Last week we had the summer movie season's first big remake, sequel and reboot, so of course this week it's time for the big guns: a massive comic book movie that has the enormous weight of an entire publishing house behind it and is keyed in to comic book superhero movies past (Ironman, Hulk) and future (this summer's Captain America and, most importantly, 2012's summer tentpole The Avengers). We are of course talking about Thor, which was screened to the UK press last week in all its muscly, noisy, eye-popping 3D glory. It's a big movie that's almost as dumb as it looks but is helped by having Kenneth Branagh, however improbably, in the director's chair. Of course, the photo above isn't from Thor; it's from a bit of non-competition at the box office - Takashi Miike's higher-brow samurai battle drama 13 Assassins, which is entertaining but perhaps not as smart as it looks.

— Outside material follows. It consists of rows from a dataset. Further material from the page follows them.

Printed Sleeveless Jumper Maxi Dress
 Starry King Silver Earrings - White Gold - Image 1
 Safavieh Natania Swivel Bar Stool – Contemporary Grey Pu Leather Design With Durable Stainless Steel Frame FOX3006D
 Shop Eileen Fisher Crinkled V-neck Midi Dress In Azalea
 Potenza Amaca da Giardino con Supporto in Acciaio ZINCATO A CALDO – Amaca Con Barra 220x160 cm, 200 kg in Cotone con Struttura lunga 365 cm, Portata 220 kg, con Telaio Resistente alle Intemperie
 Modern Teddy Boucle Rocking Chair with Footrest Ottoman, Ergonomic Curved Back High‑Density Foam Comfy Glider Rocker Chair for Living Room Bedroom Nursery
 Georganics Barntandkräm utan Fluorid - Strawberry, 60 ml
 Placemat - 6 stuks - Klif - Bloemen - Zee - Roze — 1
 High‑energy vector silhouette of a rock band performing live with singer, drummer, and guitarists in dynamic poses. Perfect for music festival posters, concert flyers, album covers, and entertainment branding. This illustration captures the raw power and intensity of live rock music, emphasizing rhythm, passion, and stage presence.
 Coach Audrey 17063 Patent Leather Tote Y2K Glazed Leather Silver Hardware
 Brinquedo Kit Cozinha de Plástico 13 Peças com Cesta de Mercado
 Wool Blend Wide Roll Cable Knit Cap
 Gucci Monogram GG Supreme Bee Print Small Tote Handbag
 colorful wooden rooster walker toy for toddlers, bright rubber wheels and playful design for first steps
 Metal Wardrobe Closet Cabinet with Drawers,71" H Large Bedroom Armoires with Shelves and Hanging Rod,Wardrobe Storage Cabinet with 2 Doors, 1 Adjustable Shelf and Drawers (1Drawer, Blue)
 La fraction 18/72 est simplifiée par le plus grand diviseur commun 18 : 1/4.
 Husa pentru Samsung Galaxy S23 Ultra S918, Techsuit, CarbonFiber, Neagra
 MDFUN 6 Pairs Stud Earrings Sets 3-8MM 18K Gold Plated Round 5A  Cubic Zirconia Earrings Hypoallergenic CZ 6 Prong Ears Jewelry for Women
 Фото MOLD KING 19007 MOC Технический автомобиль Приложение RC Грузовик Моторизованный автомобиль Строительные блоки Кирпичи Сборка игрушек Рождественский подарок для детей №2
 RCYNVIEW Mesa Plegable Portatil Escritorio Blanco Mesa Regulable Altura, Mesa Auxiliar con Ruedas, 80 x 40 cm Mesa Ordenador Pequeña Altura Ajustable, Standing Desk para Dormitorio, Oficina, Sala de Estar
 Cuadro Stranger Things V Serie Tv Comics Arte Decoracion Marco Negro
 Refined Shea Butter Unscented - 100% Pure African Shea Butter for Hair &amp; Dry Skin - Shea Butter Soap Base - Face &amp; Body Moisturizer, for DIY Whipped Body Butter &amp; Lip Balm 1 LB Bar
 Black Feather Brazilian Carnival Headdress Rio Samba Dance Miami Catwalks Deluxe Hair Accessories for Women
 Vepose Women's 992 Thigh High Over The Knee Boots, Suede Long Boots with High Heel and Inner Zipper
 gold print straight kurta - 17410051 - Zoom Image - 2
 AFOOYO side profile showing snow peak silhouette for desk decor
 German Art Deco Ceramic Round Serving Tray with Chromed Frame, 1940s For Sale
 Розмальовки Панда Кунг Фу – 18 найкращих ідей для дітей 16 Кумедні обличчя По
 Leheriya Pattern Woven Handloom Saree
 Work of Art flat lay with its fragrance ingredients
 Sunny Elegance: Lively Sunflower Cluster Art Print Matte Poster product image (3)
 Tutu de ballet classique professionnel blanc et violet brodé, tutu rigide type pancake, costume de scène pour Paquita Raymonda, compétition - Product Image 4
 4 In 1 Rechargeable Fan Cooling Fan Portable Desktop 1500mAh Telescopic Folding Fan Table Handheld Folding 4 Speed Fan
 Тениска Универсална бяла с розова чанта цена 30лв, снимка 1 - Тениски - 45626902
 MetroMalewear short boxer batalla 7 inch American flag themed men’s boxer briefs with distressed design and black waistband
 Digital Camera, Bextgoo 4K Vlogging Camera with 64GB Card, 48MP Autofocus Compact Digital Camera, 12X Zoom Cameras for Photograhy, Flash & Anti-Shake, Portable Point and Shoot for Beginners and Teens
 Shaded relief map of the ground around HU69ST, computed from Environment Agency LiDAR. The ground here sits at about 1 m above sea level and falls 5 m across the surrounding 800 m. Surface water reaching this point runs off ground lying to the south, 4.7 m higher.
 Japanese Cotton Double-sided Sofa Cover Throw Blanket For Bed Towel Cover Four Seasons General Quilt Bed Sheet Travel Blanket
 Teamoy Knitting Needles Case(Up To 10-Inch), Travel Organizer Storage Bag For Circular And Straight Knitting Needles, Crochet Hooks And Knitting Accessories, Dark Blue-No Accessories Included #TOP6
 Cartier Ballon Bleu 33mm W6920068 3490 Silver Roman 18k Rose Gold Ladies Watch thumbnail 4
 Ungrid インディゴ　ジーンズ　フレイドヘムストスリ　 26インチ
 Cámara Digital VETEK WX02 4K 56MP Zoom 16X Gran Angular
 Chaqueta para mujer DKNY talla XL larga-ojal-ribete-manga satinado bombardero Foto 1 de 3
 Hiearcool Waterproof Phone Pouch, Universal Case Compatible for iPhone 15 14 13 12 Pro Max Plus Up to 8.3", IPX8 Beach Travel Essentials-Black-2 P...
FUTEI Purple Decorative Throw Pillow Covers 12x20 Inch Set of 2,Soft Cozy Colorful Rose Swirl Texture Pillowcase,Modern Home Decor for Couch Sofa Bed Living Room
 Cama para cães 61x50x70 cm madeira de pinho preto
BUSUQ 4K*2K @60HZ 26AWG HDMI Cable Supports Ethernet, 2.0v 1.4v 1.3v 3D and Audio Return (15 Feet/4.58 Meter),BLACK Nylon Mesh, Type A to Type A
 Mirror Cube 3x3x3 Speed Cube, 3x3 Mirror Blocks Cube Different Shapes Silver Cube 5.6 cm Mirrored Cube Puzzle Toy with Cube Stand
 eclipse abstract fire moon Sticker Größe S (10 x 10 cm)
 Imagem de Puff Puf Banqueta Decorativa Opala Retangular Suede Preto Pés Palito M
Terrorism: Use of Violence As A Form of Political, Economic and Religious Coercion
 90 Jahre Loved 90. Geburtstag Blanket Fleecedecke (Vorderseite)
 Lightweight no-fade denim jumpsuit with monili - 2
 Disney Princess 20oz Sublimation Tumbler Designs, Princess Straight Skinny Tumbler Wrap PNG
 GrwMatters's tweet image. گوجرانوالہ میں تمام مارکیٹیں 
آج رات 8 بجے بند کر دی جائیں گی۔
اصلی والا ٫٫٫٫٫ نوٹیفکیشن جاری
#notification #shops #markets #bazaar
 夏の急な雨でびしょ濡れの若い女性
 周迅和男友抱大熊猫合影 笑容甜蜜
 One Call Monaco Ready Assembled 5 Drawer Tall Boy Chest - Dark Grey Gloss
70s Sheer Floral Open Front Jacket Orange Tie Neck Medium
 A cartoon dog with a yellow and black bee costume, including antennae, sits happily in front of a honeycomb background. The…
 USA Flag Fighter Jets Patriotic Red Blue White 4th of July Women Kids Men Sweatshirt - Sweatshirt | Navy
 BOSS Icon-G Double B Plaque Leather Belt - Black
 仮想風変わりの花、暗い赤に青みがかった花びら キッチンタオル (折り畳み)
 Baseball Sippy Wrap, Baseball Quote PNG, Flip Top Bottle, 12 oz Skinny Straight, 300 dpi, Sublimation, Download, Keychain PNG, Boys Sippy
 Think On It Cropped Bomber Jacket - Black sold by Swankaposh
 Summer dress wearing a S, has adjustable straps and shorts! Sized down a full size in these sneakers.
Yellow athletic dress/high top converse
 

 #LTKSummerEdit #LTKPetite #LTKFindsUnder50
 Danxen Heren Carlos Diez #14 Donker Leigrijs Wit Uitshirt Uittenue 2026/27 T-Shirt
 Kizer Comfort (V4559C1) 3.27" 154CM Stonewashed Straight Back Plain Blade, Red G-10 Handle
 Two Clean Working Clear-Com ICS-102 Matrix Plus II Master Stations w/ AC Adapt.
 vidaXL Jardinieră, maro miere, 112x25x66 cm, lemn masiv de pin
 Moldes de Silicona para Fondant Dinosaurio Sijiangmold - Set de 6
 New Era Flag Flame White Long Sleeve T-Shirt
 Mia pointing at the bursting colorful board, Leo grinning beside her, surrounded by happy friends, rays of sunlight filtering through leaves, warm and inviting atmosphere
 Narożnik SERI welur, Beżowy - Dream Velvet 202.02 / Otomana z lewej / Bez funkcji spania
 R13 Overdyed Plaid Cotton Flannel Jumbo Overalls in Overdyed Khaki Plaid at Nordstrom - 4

Also screened for us were Philip Seymour Hoffman's feature directing debut Jack Goes Boating, a wilfully "normal" indie drama; the freaky Italian thriller Shadow, which is stylishly made but a bit random; the West Indies cricket doc Fire in Babylon, a colourfully interesting film even for non-fans; and the micro-budget B-movie Airline Disaster, yet another so-bad-it's-hilarious crisis thriller from Asylum. Better than all of those, I got the chance to see Danny Boyle's amazing production of Frankenstein at the National Theatre, with Benedict Cumberbatch (as the professor) and Jonny Lee Miller (as the monster).

If last week was short (4 days) this week is even shorter, as we have holidays for both Easter Monday and Royal Wedding Friday. As a result, I only have four screenings (plus a handful of DVDs I really need to stop putting off): Trust is an online thriller with Clive Owen and Catherine Keener; A Screaming Man is a Cannes-winning drama from Chad; Bobby Fischer Against the World is an acclaimed doc about the chess player; and Flying Monsters is a dinosaur extravaganza in Imax 3D.